Pictures with short captions:
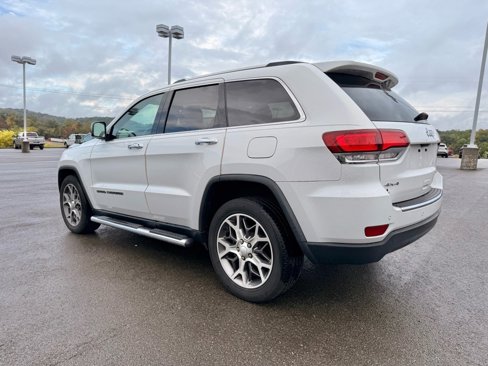 Used 2020 Jeep Grand Cherokee Limited image 3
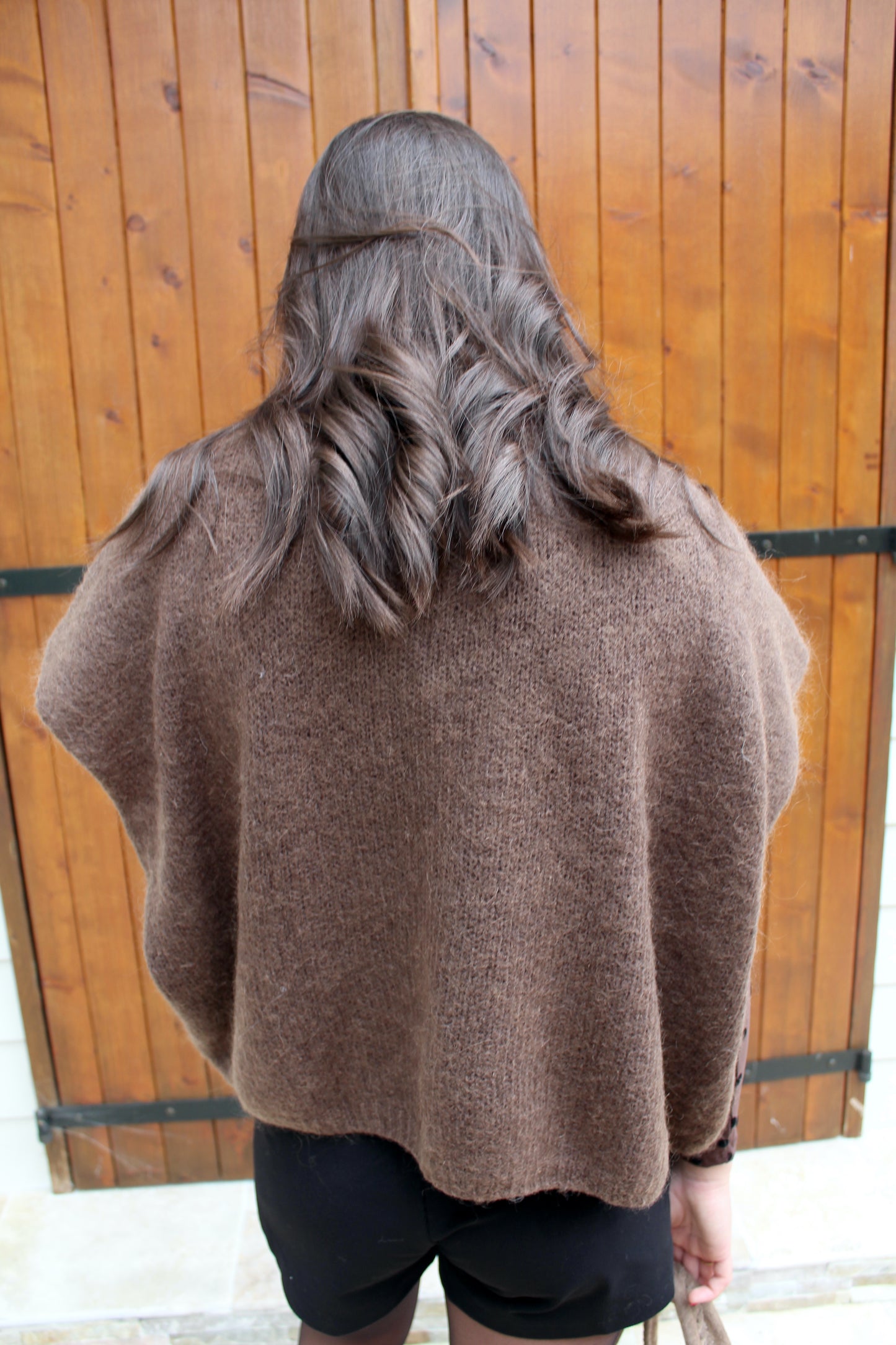 Veste doudou Choco ♡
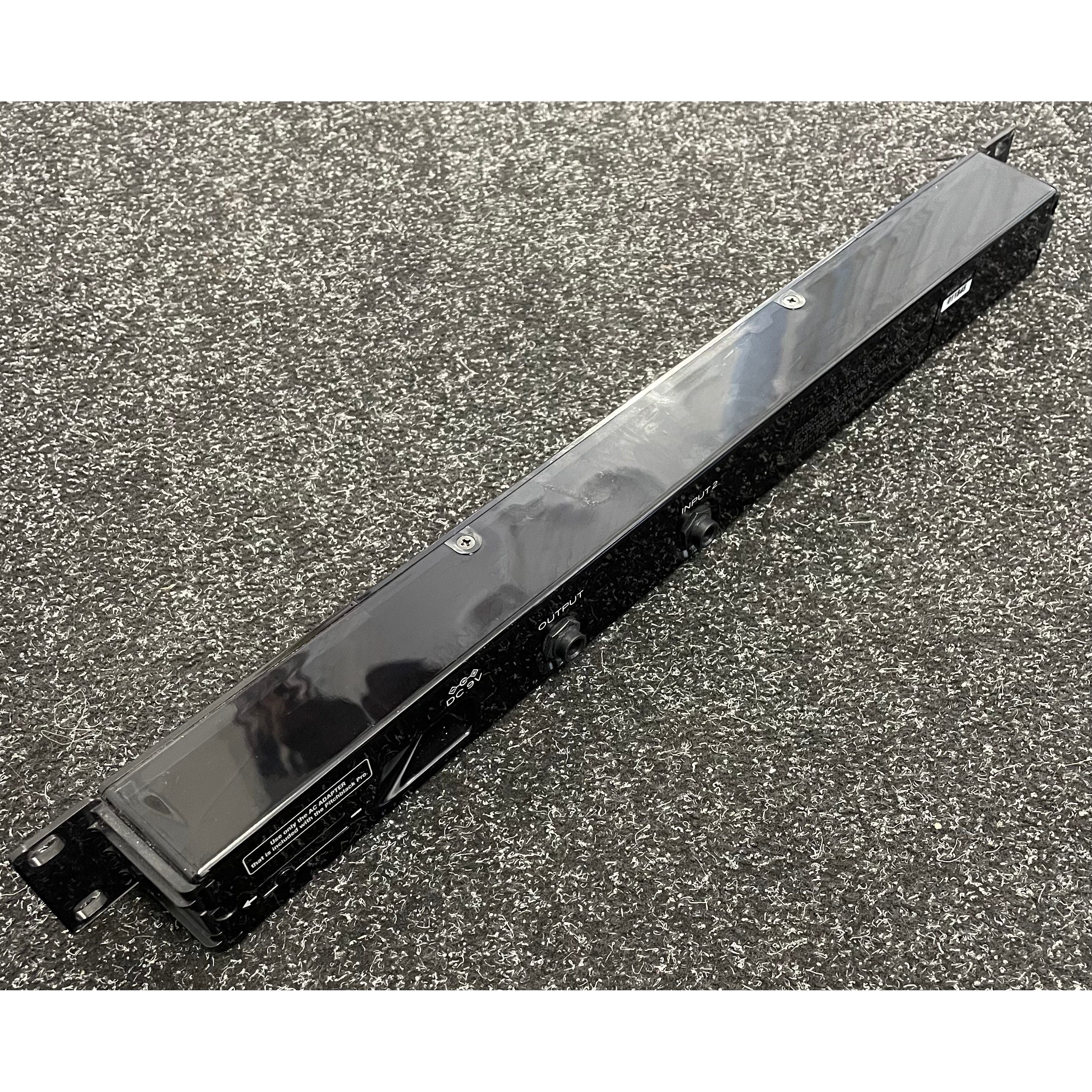 Korg Pitchblack Pro PB-05 Rackmount Tuner Pre-Owned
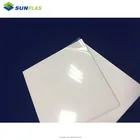3 mm thick A4 free sample Acrylic capped ABS (PMMA/ABS) sheets with quality warrantee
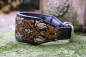 Preview: 1778d Collar ~Motego~ black 28-33cm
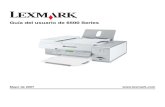 Manual de Lexmark 6570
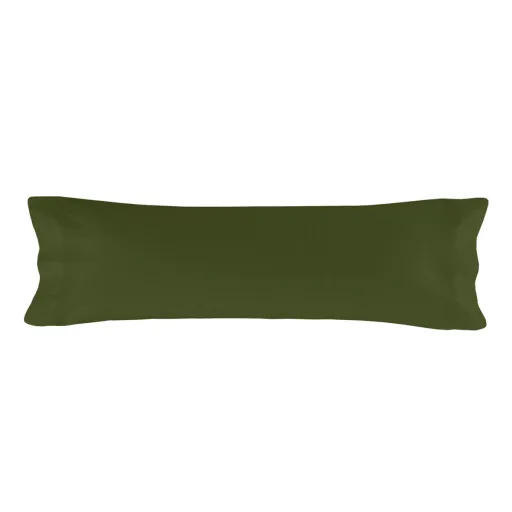 Capa de Almofada HappyFriday BASIC Verde 45 x 125 cm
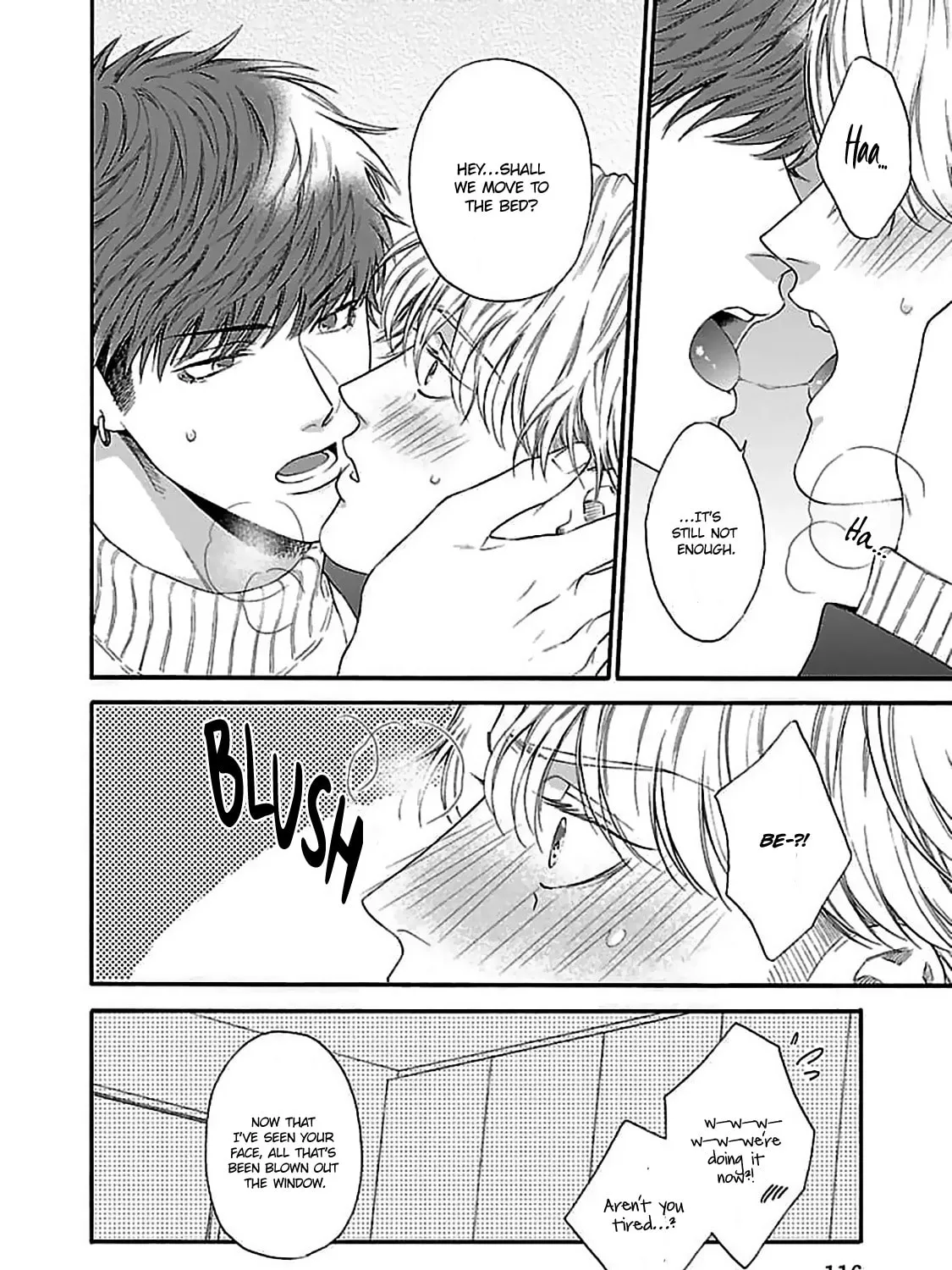 Oretachi Business Tsugai Yattemasu! Chapter 3 page 65 - 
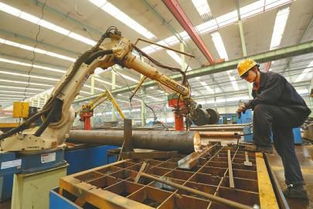 濟南工業(yè)優(yōu)品 鋼鐵結構體部件制造為中國制造加分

EXERCISE DESCRIPTION –
Every entry above should be printed again exactly, except for the pictures.

RESPONSE TO THE EXERCISE –
 Used 2020 Jeep Grand Cherokee Limited image 3
 Veste doudou Choco ♡
 Korg Pitchblack Pro PB-05 Rackmount Tuner Pre-Owned
3 mm thick A4 free sample Acrylic capped ABS (PMMA/ABS) sheets with quality warrantee
 Preview: 1778d Collar ~Motego~ black 28-33cm
 Manual de Lexmark 6570
 Capa de Almofada HappyFriday BASIC Verde 45 x 125 cm
 Oretachi Business Tsugai Yattemasu! Chapter 3 page 65 - 
 濟南工業(yè)優(yōu)品 鋼鐵結構體部件制造為中國制造加分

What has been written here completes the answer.